A picture-free, exact reproduction of the listing that follows is required.
====== Data section
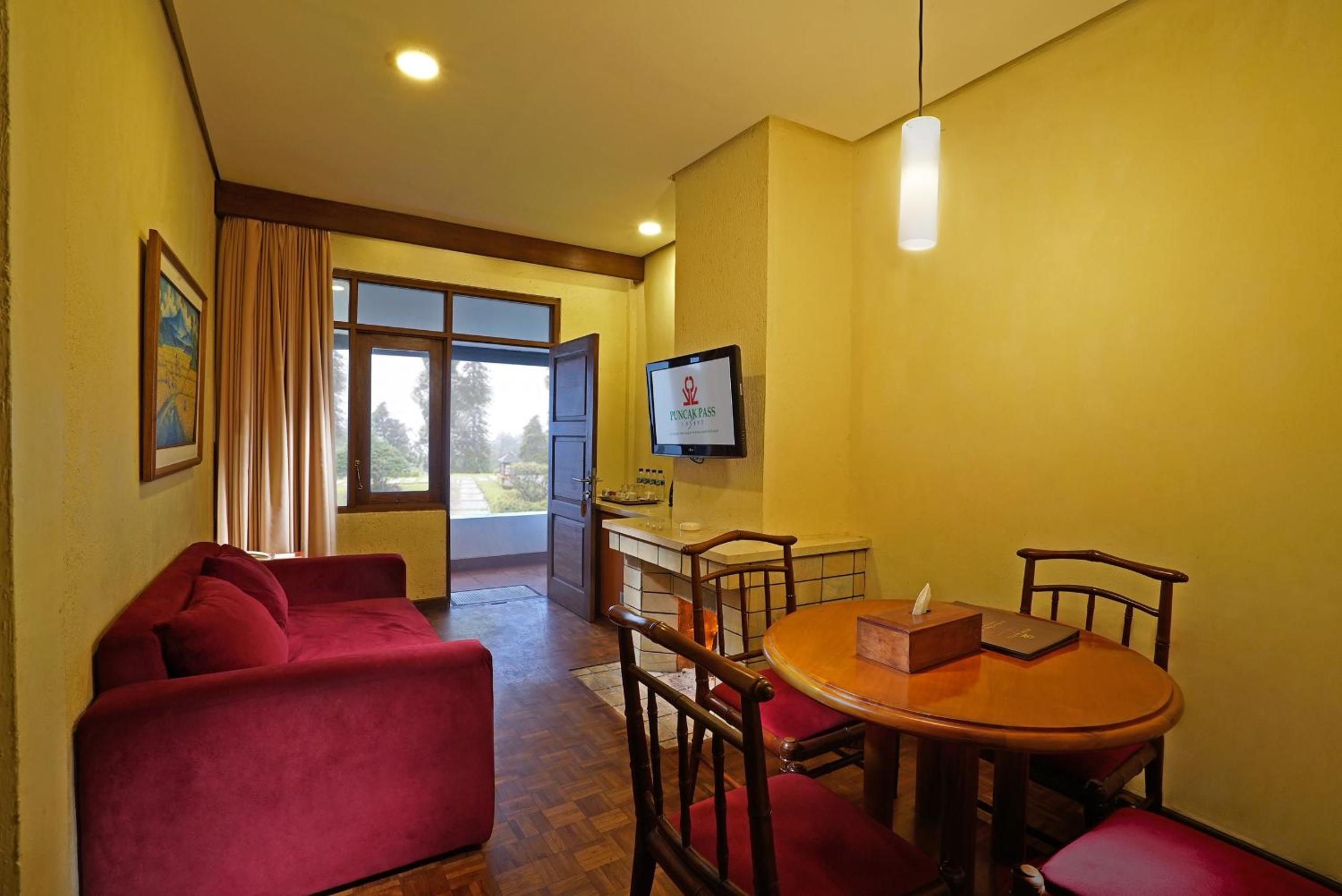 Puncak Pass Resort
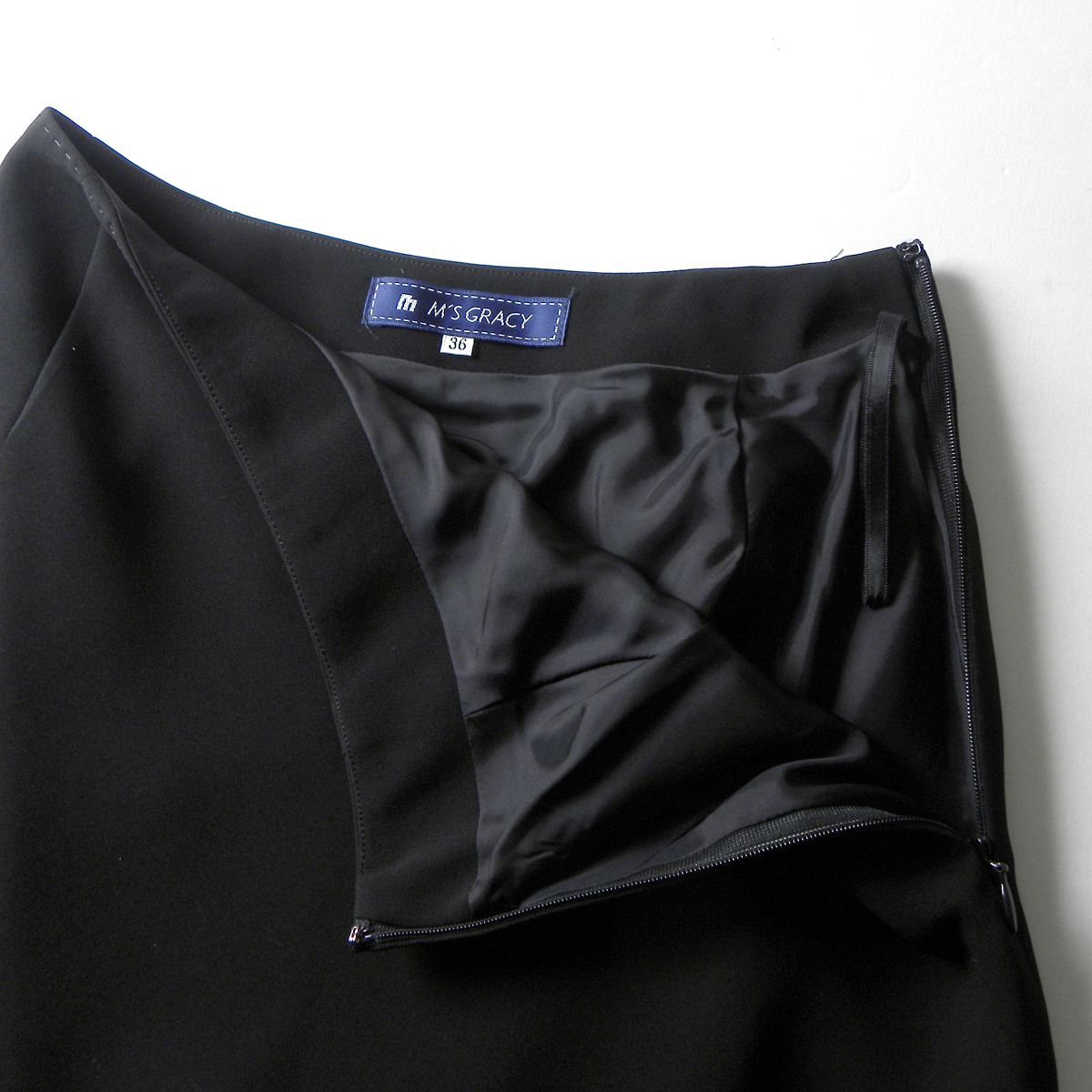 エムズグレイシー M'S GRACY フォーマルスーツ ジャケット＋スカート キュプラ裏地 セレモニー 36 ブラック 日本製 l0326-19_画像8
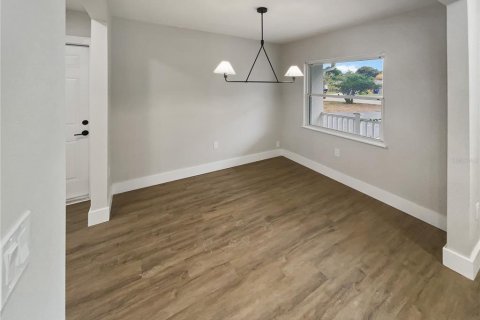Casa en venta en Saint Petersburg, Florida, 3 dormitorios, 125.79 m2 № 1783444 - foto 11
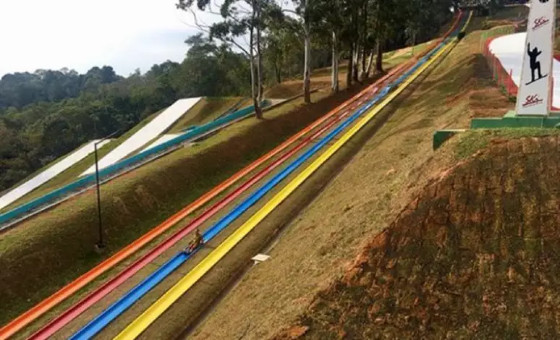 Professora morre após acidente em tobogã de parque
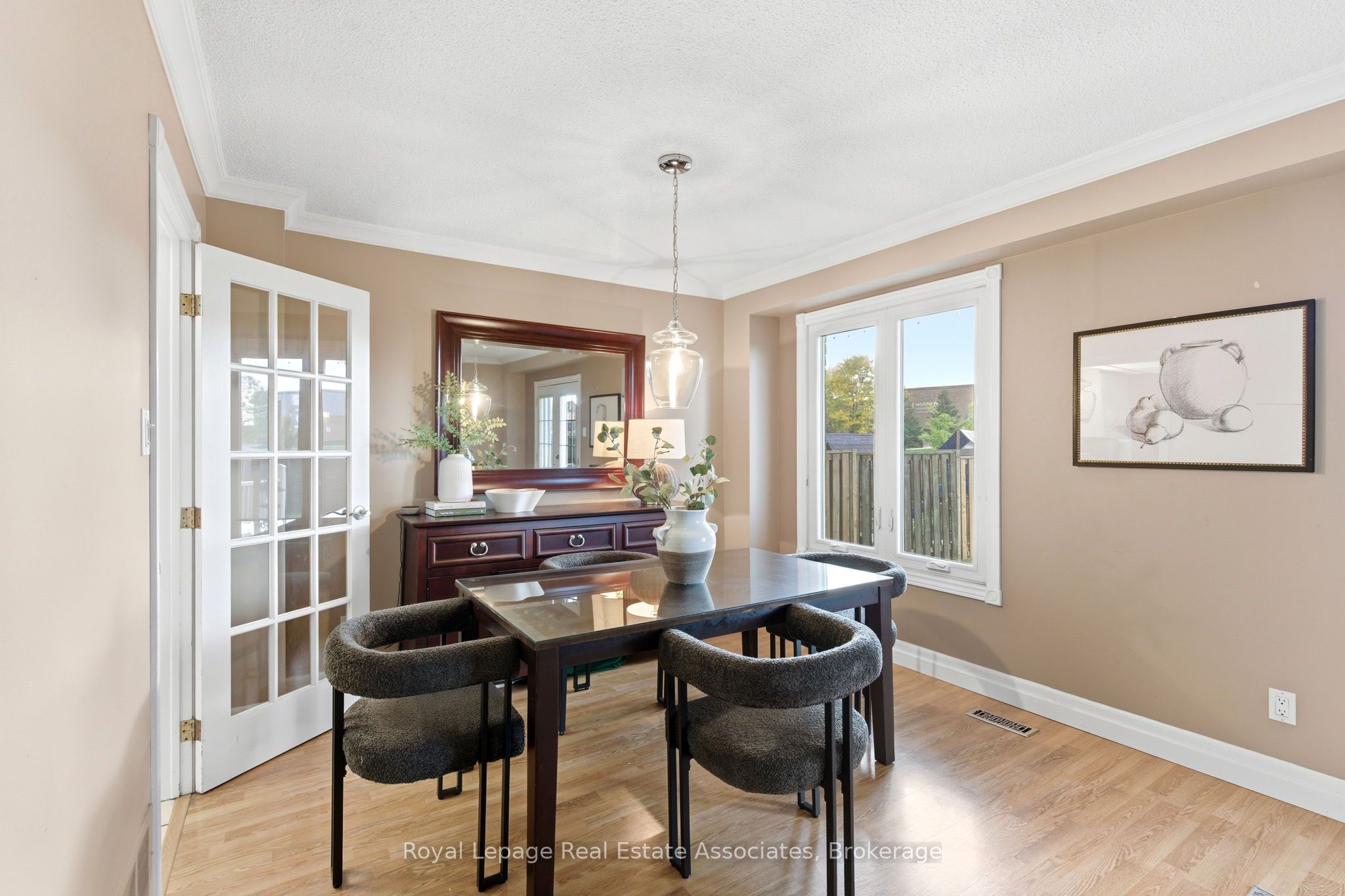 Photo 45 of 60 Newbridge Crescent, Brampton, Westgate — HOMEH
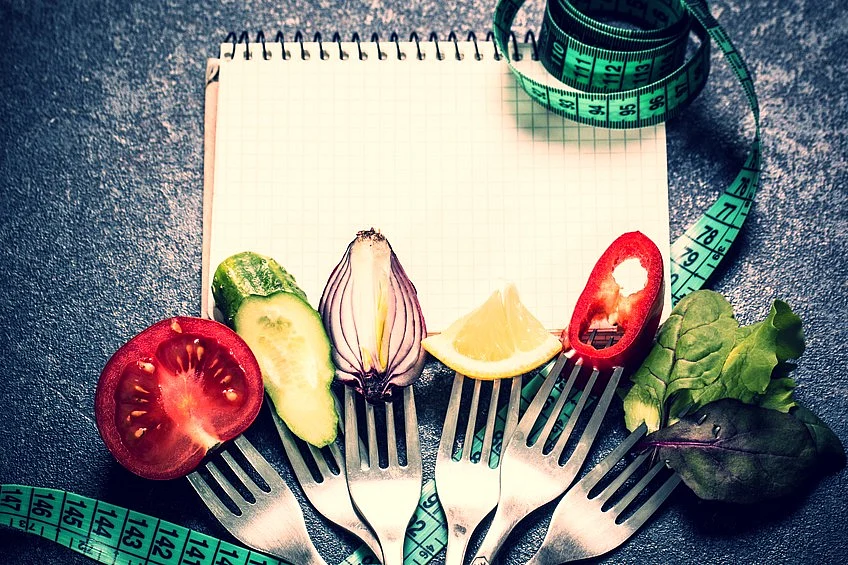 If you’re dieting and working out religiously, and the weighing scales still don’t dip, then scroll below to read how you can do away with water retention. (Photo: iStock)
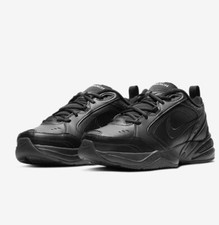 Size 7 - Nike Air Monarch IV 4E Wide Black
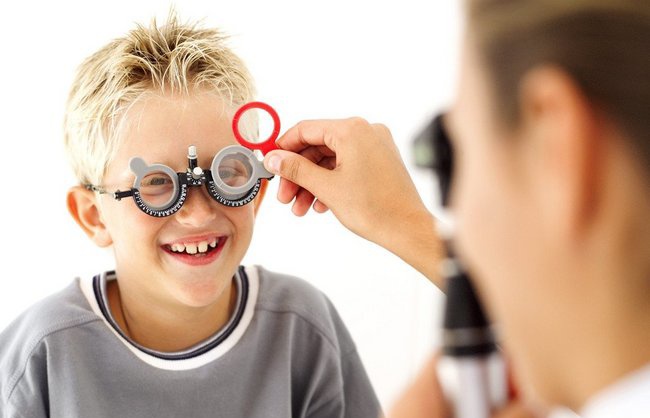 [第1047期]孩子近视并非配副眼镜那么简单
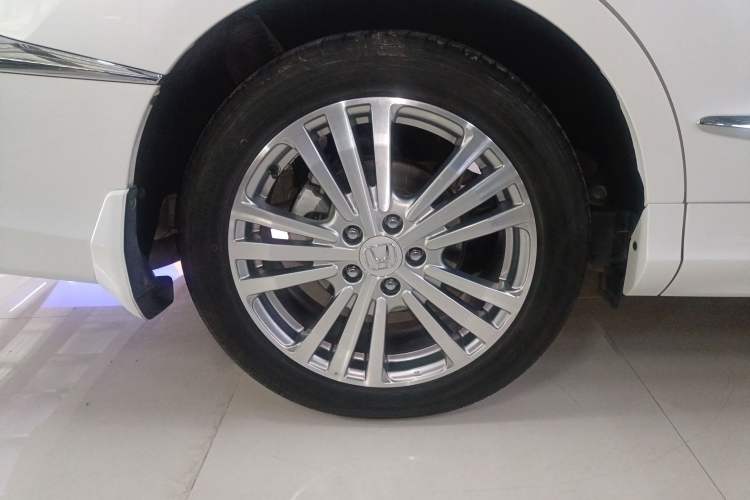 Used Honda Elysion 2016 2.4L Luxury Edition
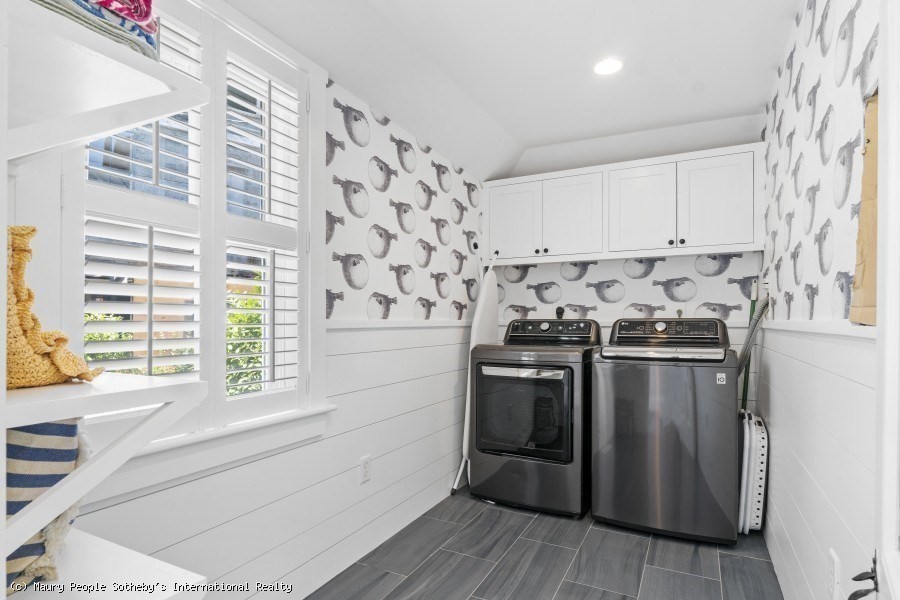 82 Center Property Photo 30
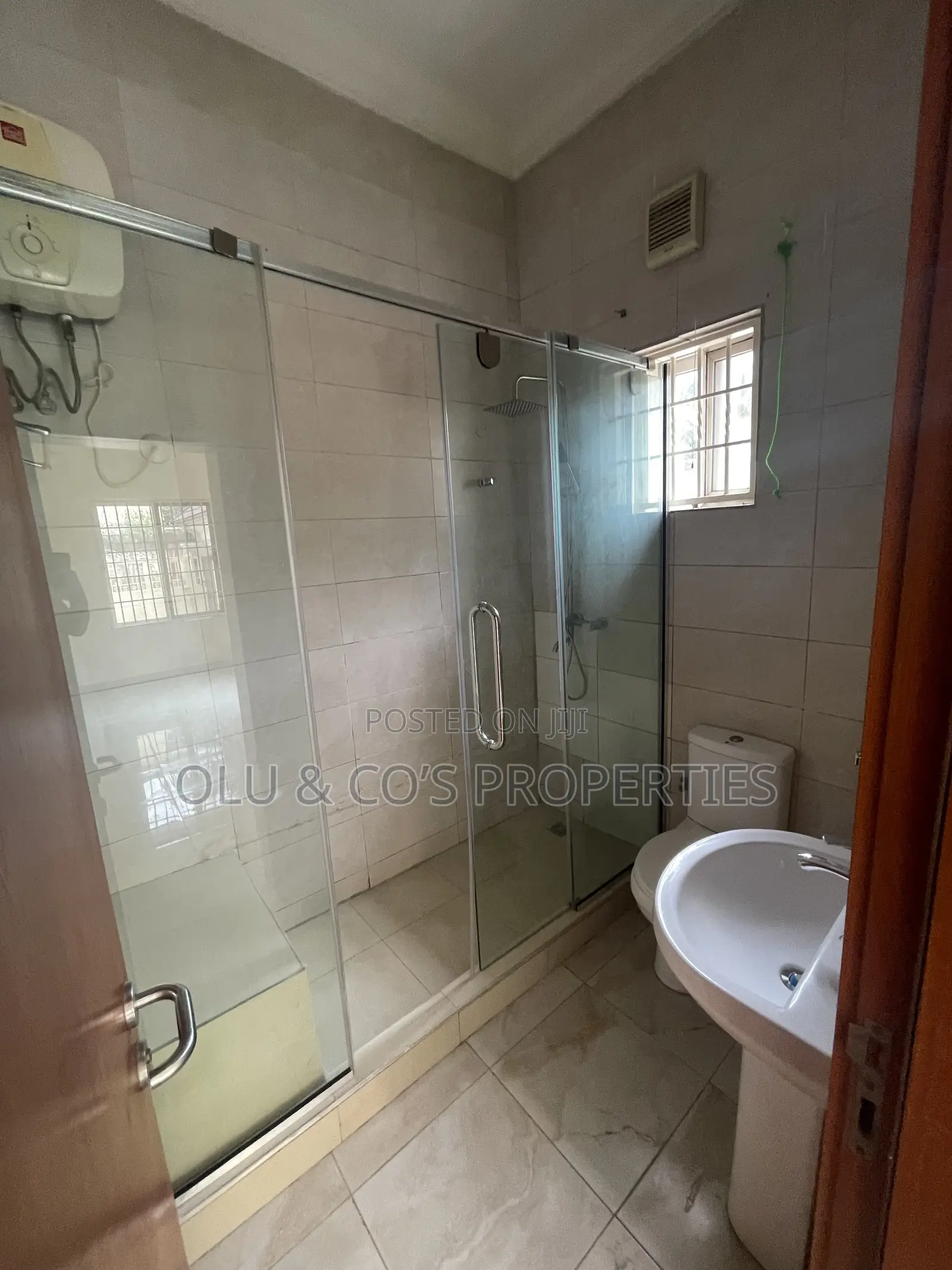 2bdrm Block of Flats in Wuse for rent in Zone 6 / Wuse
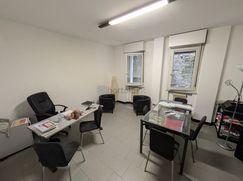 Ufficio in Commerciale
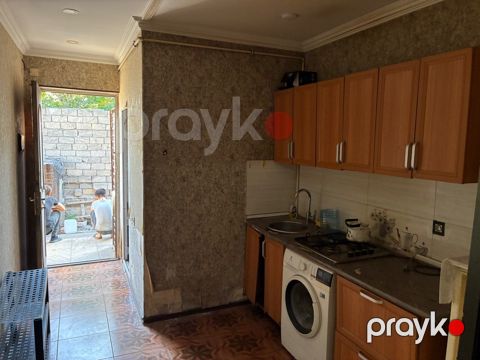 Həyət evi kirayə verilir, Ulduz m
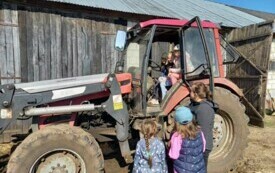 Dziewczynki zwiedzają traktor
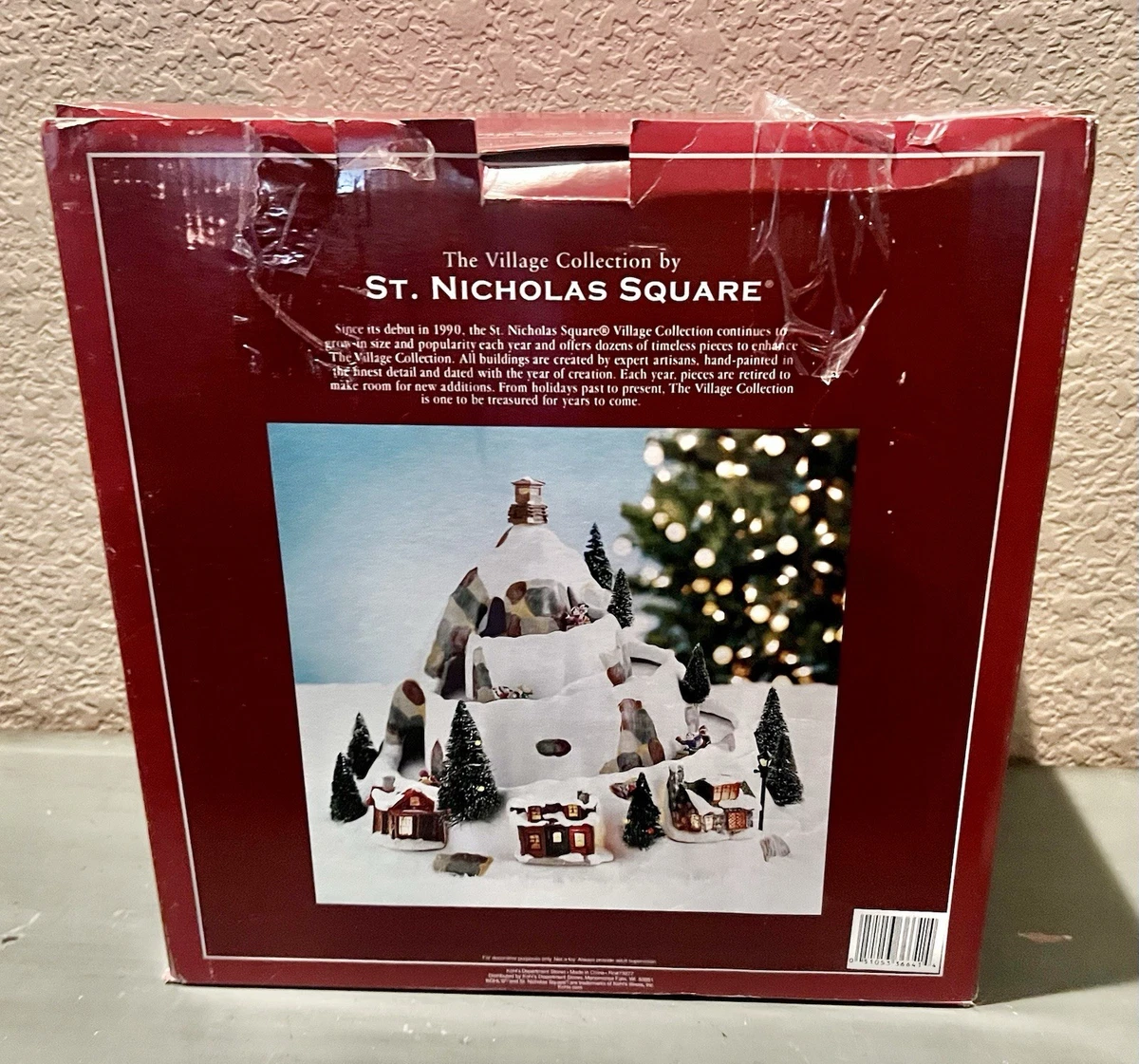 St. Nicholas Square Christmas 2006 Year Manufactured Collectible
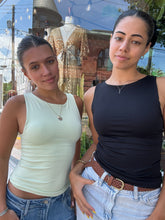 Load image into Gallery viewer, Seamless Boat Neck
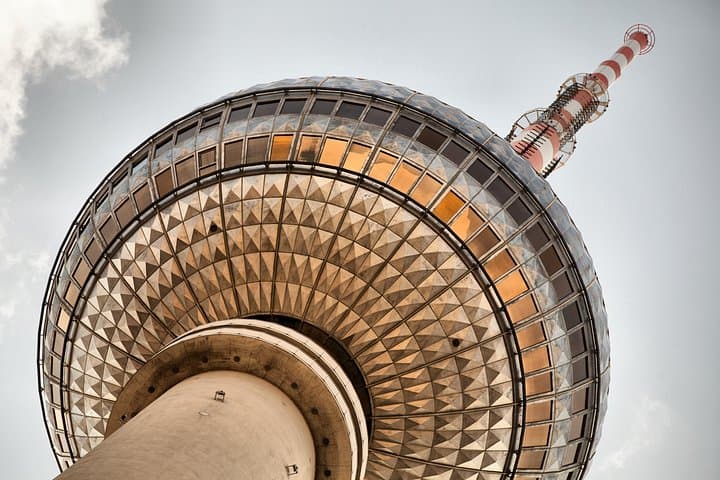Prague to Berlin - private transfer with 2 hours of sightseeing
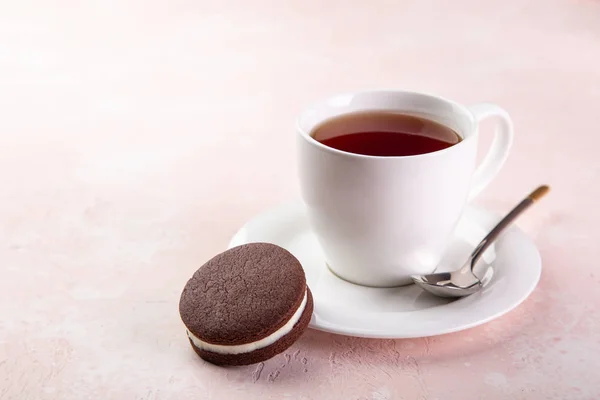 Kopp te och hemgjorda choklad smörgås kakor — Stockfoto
============
Response area:
 Puncak Pass Resort
 エムズグレイシー M'S GRACY フォーマルスーツ ジャケット＋スカート キュプラ裏地 セレモニー 36 ブラック 日本製 l0326-19_画像8
Casa en venta en Saint Petersburg, Florida, 3 dormitorios, 125.79 m2 № 1783444 - foto 11
 Professora morre após acidente em tobogã de parque
 Photo 45 of 60 Newbridge Crescent, Brampton, Westgate — HOMEH
 If you’re dieting and working out religiously, and the weighing scales still don’t dip, then scroll below to read how you can do away with water retention. (Photo: iStock)
 Size 7 - Nike Air Monarch IV 4E Wide Black
 [第1047期]孩子近视并非配副眼镜那么简单
 Used Honda Elysion 2016 2.4L Luxury Edition
 82 Center Property Photo 30
 2bdrm Block of Flats in Wuse for rent in Zone 6 / Wuse
 Ufficio in Commerciale
 Həyət evi kirayə verilir, Ulduz m
 Dziewczynki zwiedzają traktor
 St. Nicholas Square Christmas 2006 Year Manufactured Collectible
 Load image into Gallery viewer, Seamless Boat Neck
Prague to Berlin - private transfer with 2 hours of sightseeing
 Kopp te och hemgjorda choklad smörgås kakor — Stockfoto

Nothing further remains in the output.